The week’s pinnacle is the showdown between Southern Intercollegiate Athletic Conference (SIAC) rivals Albany State and Morehouse College. Both teams are gearing up to launch their season with hopes of clinching the SIAC championship, with the introduction of a new divisional format adding an extra layer of excitement. The game will be aired live on CNBC, Peacock and the NBC Sports App on Saturday, Sept. 16, at 3 p.m. EST.
Tuesday, Sept. 12
• Mayor’s Kickoff Lunch, 12–2 p.m. ET
Mayor Eric Adams, Morehouse College President David A. Thomas and Albany State President Marion Ross Fedrick will officially launch the 2023 HBCU New York Classic at Sylvia’s in Harlem, N.Y. This exclusive event sets the tone for an extraordinary week.
• NYC High School Education Day, 10 a.m. – 2 p.m. ET
High school sophomores, juniors, seniors and community college students are encouraged to attend. Admissions representatives from Morehouse College and Albany State University will be on hand at the Borough of Manhattan Community College to illuminate the importance of higher education and unveil the exciting programs and experiences HBCUs offer.
Wednesday, Sept. 13
• NJ High School Education Day, 10 a.m. – 2 p.m. ET
A similar event will take place at the New Jersey Institute of Technology in Newark, with admissions offices from both Morehouse College and Albany State University providing insights into the invaluable opportunities presented by HBCUs.
Thursday, Sept. 14
• “HBCU Inspired” + The Great Debate at the Apollo, 7 – 10 p.m. ET (Doors open at 6 p.m. ET)
Marking the 35th anniversary of Spike Lee’s “School Daze” and “A Different World,” cast members will share their journeys and how HBCUs played a pivotal role. Notable personalities, including Jasmine Guy, Kadeem Hardison and Darryl M. Bell, are scheduled to attend. Additionally, a spirited debate between Rutgers and Morehouse College on affirmative action promises to ignite intellectual sparks.
Friday, Sept. 15
• Greek Step Show, 7:30 – 10:30 p.m. ET (Doors open at 6:30 p.m. ET)
The Divine Nine takes center stage at the New Jersey Institute of Technology for a dazzling performance. This ticketed event guarantees an evening of high-energy entertainment.
Saturday, Sept. 16 (Game Day)
• Yardfest, 10 a.m. – 2 p.m.
The MetLife Stadium’s parking lot transforms into a vibrant tailgate experience. Attendees can revel in full-service tents, offering everything from game tickets to exclusive field and press conference access. HBCU enthusiasts, fraternities, sororities, fans, students and alumni are all invited to partake in the festivities.
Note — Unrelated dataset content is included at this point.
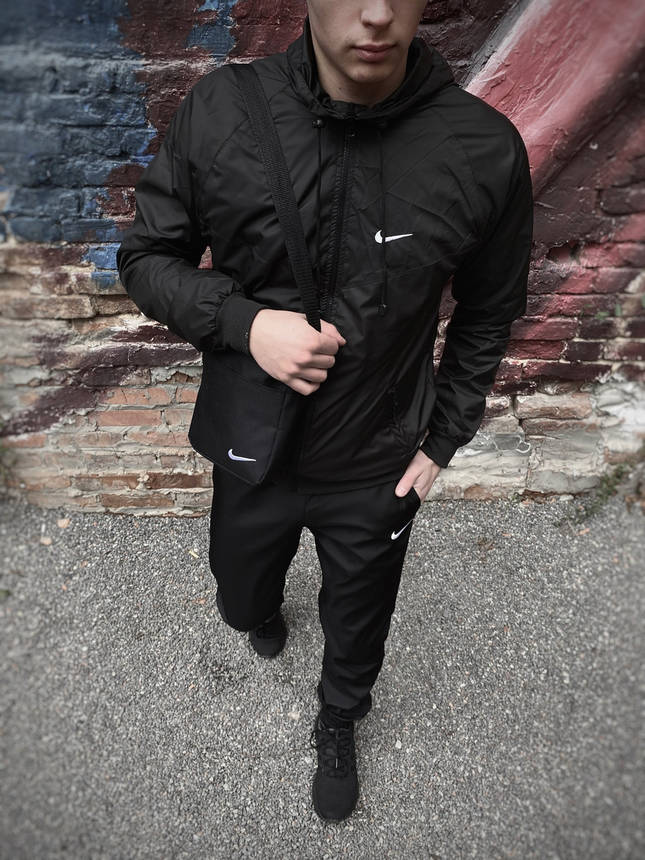 Спортивний костюм чорний чоловічий Nike, Вітровка Найк (Nike) + Штани + Барсетка в подарунок, фото 2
• Career Expo, 10 a.m. – 2 p.m.
Lot F of MetLife Stadium will be the site of a career fair featuring major companies like the New York Jets, Wells Fargo, Johnson & Johnson and MetLife, offering upcoming and recent graduates, career seekers and switchers fresh opportunities. This event is open to all, emphasizing the inclusive spirit of HBCUs.
“Our mission is to amplify HBCUs and folks that have been positive in the African-American community,” Williams said. “You don’t have to be an HBCU graduate or African American as long as you’re doing something positive for the African-American community.”
Williams said the event transcends football. He called it a cultural immersion, “a chance to experience what HBCU students and graduates live daily.”